Ferraris Nummer 2 Kimi Räikkönen holte sich nach 113 Rennen Pause den ersten Sieg und wahrte so die WM-Chancen seines Teamkollegen Sebastian Vettel

Kimi Räikkönen gewann den Grand Prix der USA vor Max Verstappen auf Red Bull und WM-Leader Lewis Hamilton, der somit noch auf den fünften Titel warten muss. Mit 21 Siegen ist Räikkönen nun der nach GP-Triumphen erfolgreichste Finne. Seit Australien 2013 stand der „Iceman“ nicht mehr ganz oben am Podium, doch in Austin zeigte er allen, was er noch draufhat. „Es war ein tolles Wochenende. Mein Start war perfekt, ich konnte dann gleich pushen. Am Ende waren meine Reifen nicht mehr fit, aber ich hatte noch genug Speed um Max hinter mir zu halten.“ Räikkönen zog am Start mit den weicheren Reifen an Polesetter Lewis Hamilton vorbei, hielt die Spitze lange und den Briten in Schach, womit er Stallgefährte Sebastian Vettel half aufzuholen. Vettel lieferte sich in der ersten Runde ein erbittertes Duell mit Daniel Ricciardo und drehte sich nach einem Wheel-Banging mit dem Australier.

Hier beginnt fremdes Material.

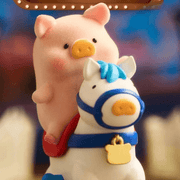 Lulu The Piggy Lululand Series Blind Box Fantasy Carousel figure riding a white carousel horse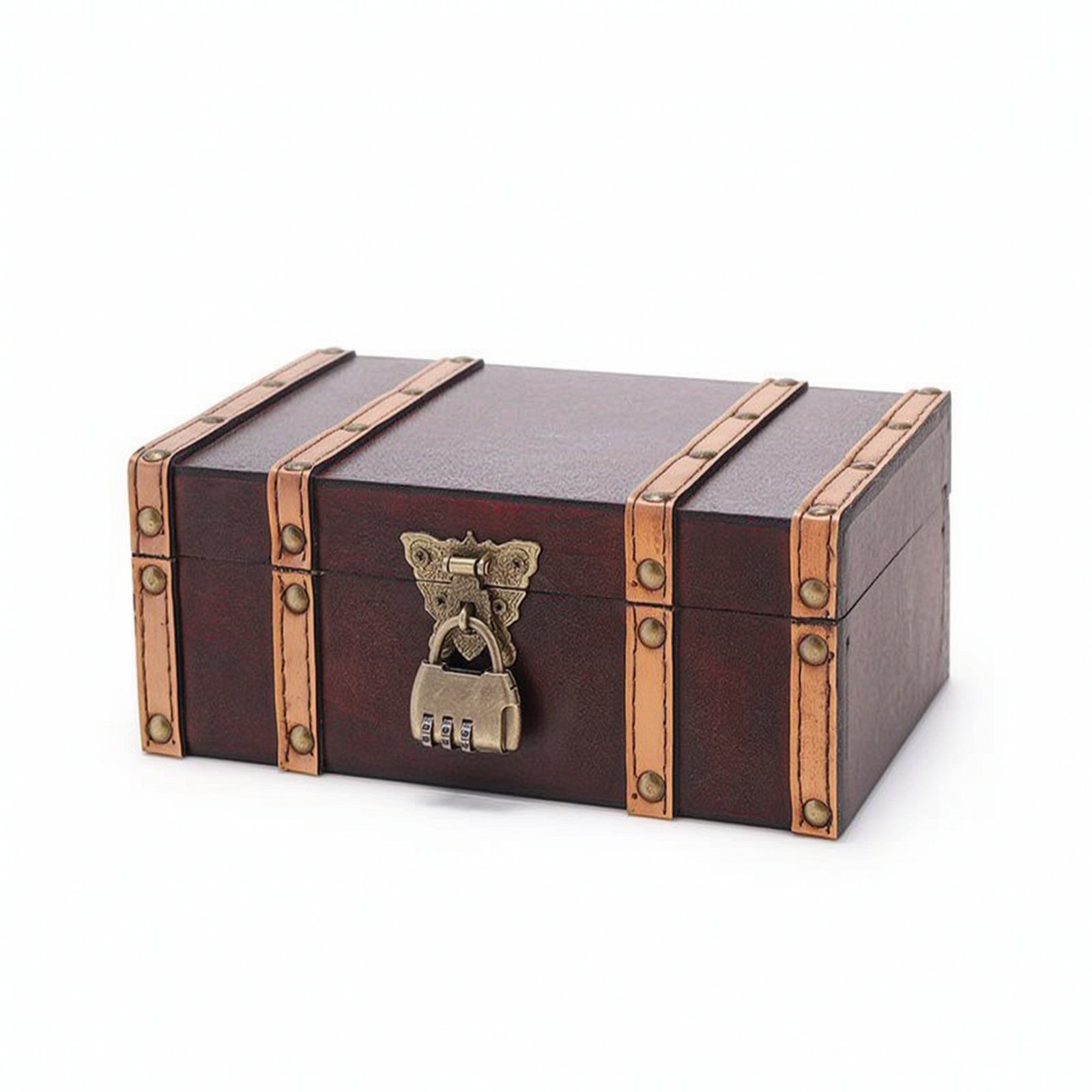 Wooden Storage Box with Hinged Lid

Nach Hamiltons zweitem Stopp, ging der Finne wieder an die Spitze und wehrte alle Angriffe ab.

Hamilton muss noch warten

Der Brite übernahm nach Räikkönens Reifenstopp die Führung, kam aber mit seiner Soft-Mischung nicht zurecht. Daher musste der Mercedes-Pilot nochmals an die Boxen, fuhr danach den 12 Sekunden Rückstand mit brillanten Rundenzeit wieder zu, kam aber nicht mehr an den beiden Vorderleuten vorbei. „Kimi hat keinen einzigen Fehler gemacht und verdient gewonnen. Auch Verstappen zeigte einen Superjob und ich kam nicht vorbei. Für die Zuschauer war es sicher toll und ich bin froh, dass wir noch aufs Podium gekommen sind“, gratulierte Hamilton.

Bullen sehr schnell

„Schon ein bisschen überraschend, nachdem ich von P18 losgefahren bin. Ich habe gleich von der ersten Runde an attackiert, schafften den Undercut gegen Valtteri (Bottas), in den letzten Runden brachen meine Reifen ein und ich war gegen Lewis absolut am Limit. Es war ein tolles Rennen und hat sehr viel Spaß gemacht“, strahlte Verstappen. „Diesmal bleibe ich hier,“ grinste der Niederländer nach dem Rennen im Cooldown Raum, nachdem er im Vorjahr noch nach der Zieldurchfahrt eine Strafe kassierte und so vom Stockerl fiel. Stallgefährte Daniel Ricciardo rollte auf Platz 4 liegend mit technischem Defekt aus.

Renault räumt ab

Mit den Plätze 6 durch Nico Hülkenberg und 7 durch Carlos Sainz sammelte Renault viele und ganz wichtige WM-Zähler im Duell mit Haas F1 um Rang 4 in der Konstrukteurswertung. Die Franzosen halten nun bei 20 Punkten Vorsprung auf Haas, die beim Heimspiel nur Kevin Magnussen in die Punkteränge brachten. Teamkollege Romain Grosjean war wieder einmal übermotiviert, krachte schon zu Rennbeginn in das Heck von Charles Leclerc, und musste wenig später seinen Dienstwagen abstellen. „Dass wir gerade beim Heimrennen unseres schärfsten Konkurrenten so gut abschneiden, ist natürlich etwas ganz Besonderes“, ließ Renault Teamboss Cyril Abiteboul wissen.